The Building Blocks of Croatian Mental Grammar: Constraints of Information Structure (MEGACRO)
The project is funded by the Croatian Science Foundation
Program: Research projects
Project number: HRZZ-IP-2016-06-1210
Principal Investigator: professor Anita Peti-Stantić, PhD
Principal Institution: University of Zagreb, Faculty of Humanities and Social Sciences
Project acronym: MEGAHR/MEGACRO
Scientific area: Humanities
Scientific field: Philology
Project duration: 10.3.2017-9.3.2021. (48 months)
Research group:
professor Anita Peti-Stantić, PhD
professor Gordana Keresteš, PhD
associate professor Maja Anđel, PhD
assistant professor Mateusz-Milan Stanojević, PhD
assistant professor Mirjana Tonković, PhD
assistant professor Nikola Ljubešić, PhD
Jana Willer-Gold, PhD
Dario Lečić, PhD (part of the research group from 2 September 2017 until 10 December 2017)
Jelena Tušek, PhD
Irina Masnikosa, PhD
Vedrana Gnjidić, MA
External associates:
professor emeritus Ray Jackendoff, Tufts University and MIT
professor Petar Milin, PhD, Sheffield University
professor Andrew Nevins, PhD, University College London
professor Motoki Nomachi, PhD, Slavic-Eurasian Research Center of Hokkaido University
Project summary:
The goal of the project The Building Blocks of Croatian Mental Grammar: Constraints of
Information Structure is to determine the building blocks of the information structure of
Croatian mental grammar. Specifically, based on corpus and psycholinguistic research, we will
look into how speakers process morphosyntactic and semantic agreement of concrete and/or
abstract lexical items in coordinated constructions and elliptical conditions, as well as how they
process sentence information structure with regard to complex clitic cluster positioning. Thus,
we will determine a set of necessary, universal and language-specific patterns that represent
the requirements determining the information structure in Croatian, both on the
morphosyntactic and the semantic level. We are predominantly interested in local (linear) and
global (hierarchical) processing constraints within the mental grammar of Croatian. Our
approach will have theoretical consequences for developing a model of language processing, as
well as identifying and correlating global and local building blocks of mental grammar of
Croatian. On the practical level, we seek to improve the productive linguistic competence of
pupils in the education system. This will be operationalized through three main activities: (1)

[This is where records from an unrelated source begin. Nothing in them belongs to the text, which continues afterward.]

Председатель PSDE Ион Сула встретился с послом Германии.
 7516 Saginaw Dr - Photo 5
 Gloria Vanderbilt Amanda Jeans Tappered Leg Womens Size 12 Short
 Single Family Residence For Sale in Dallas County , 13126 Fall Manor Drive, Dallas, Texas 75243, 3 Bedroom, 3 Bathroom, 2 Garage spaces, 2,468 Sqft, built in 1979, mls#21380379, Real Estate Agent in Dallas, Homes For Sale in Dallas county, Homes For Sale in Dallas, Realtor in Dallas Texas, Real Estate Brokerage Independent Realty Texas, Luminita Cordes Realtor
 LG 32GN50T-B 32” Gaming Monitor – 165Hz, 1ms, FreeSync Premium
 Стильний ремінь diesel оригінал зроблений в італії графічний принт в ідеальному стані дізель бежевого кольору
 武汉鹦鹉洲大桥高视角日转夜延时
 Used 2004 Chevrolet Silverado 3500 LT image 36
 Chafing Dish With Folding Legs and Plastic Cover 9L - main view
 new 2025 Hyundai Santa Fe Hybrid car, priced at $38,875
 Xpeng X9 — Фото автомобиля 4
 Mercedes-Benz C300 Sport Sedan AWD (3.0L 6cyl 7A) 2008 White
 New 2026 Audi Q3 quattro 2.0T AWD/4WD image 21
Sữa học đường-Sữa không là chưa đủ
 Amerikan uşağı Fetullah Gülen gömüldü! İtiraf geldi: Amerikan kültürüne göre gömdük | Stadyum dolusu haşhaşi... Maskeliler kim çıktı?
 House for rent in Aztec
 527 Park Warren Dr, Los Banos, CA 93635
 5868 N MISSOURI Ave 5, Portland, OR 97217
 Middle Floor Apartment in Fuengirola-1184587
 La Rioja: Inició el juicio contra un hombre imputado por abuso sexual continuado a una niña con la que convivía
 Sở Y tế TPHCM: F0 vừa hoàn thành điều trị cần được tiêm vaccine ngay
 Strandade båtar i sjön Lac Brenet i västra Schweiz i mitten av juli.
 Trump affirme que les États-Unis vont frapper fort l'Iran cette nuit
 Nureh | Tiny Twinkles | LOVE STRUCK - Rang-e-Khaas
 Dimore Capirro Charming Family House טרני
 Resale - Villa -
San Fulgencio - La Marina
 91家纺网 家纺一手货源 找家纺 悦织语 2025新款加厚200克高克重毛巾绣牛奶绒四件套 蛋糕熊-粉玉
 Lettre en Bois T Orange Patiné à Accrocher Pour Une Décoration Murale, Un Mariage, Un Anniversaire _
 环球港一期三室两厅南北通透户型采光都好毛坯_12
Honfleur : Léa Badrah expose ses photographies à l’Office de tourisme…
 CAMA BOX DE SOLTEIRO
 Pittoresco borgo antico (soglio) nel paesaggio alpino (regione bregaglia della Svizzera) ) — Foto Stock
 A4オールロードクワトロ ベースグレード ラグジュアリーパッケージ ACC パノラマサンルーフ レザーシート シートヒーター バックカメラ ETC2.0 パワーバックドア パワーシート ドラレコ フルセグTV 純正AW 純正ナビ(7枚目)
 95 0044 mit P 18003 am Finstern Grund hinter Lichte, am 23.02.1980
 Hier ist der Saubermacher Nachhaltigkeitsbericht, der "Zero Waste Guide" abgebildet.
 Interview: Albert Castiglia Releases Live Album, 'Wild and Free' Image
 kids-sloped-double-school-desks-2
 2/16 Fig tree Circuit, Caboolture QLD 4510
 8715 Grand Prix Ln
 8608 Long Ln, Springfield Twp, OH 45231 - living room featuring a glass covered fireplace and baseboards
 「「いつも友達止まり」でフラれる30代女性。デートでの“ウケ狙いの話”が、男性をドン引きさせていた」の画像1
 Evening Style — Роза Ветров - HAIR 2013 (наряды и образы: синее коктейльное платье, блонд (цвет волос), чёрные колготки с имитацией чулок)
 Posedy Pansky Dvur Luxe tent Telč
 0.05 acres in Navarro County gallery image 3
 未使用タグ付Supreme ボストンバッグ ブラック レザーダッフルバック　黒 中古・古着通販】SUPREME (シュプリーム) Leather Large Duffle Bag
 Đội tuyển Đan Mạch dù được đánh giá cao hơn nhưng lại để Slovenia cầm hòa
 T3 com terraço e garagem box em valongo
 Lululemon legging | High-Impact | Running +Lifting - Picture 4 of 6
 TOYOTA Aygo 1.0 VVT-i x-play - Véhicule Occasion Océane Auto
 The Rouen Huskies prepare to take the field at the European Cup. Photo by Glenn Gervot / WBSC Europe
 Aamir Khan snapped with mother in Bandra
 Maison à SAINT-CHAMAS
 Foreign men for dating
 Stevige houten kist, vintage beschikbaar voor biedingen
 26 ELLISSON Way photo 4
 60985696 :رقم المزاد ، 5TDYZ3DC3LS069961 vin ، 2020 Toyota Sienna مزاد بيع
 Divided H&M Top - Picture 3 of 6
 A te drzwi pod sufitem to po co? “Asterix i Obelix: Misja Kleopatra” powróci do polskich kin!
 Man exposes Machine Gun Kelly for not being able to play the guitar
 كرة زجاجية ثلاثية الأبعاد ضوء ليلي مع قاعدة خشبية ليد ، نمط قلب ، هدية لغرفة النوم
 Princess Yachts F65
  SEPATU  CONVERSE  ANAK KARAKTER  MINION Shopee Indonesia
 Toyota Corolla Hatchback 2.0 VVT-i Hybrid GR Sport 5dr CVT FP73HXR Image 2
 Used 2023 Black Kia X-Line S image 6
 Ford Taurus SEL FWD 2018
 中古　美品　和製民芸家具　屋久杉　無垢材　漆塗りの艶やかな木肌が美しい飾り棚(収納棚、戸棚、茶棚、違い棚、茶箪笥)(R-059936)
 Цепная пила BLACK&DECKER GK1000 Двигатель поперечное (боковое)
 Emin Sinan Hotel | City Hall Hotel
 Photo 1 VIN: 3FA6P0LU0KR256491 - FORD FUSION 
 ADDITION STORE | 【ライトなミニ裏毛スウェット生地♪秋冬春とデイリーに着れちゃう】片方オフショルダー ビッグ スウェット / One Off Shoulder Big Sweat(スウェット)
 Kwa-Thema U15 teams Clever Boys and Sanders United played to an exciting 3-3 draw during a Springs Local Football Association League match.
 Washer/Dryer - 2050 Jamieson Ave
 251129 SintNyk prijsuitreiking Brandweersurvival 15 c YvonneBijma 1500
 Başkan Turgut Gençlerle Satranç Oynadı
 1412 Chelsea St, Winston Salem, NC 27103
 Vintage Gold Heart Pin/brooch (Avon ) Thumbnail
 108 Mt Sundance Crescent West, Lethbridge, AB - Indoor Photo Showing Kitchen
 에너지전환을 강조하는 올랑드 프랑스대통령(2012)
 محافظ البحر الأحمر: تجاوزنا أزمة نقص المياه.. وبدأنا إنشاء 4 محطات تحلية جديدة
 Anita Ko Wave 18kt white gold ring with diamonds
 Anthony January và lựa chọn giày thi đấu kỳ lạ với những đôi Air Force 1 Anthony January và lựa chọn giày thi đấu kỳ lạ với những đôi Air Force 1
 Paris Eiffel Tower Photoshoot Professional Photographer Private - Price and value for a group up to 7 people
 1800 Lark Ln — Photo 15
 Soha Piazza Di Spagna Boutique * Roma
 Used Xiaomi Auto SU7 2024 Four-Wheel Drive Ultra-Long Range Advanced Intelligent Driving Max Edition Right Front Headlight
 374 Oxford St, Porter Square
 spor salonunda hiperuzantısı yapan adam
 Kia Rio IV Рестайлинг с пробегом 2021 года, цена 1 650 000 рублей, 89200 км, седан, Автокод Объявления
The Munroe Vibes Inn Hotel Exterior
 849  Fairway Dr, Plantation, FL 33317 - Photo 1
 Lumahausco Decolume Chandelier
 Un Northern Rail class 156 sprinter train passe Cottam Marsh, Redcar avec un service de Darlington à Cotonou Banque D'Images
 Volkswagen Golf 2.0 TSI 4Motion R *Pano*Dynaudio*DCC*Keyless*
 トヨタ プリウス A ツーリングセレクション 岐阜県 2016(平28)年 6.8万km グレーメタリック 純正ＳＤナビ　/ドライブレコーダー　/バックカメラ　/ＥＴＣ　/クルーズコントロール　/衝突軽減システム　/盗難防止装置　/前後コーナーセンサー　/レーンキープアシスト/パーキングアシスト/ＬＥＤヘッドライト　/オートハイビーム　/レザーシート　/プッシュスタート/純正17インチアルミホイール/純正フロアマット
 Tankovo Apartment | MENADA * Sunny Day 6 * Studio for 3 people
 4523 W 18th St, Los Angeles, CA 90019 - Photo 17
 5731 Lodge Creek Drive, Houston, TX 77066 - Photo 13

psycholinguistically establishing a correlation between concreteness and imageability for a set
of high and low frequency lexical and grammatical items (clitics) based on corpus data; (2)
psycholinguistically establishing the relationship between concreteness and agreement (in
gender, ellipsis and clitic cluster positioning); (3) establishing language-specific patterns for
building effective word and grammar webs within the educational system.
Methodological novelty is reflected in connecting a theoretically-based qualitative and
quantitative psycholinguistic research with a corpus study, which will enable the establishment
of a predictive lexical analysis, as well as grammatical patterns in mental grammar.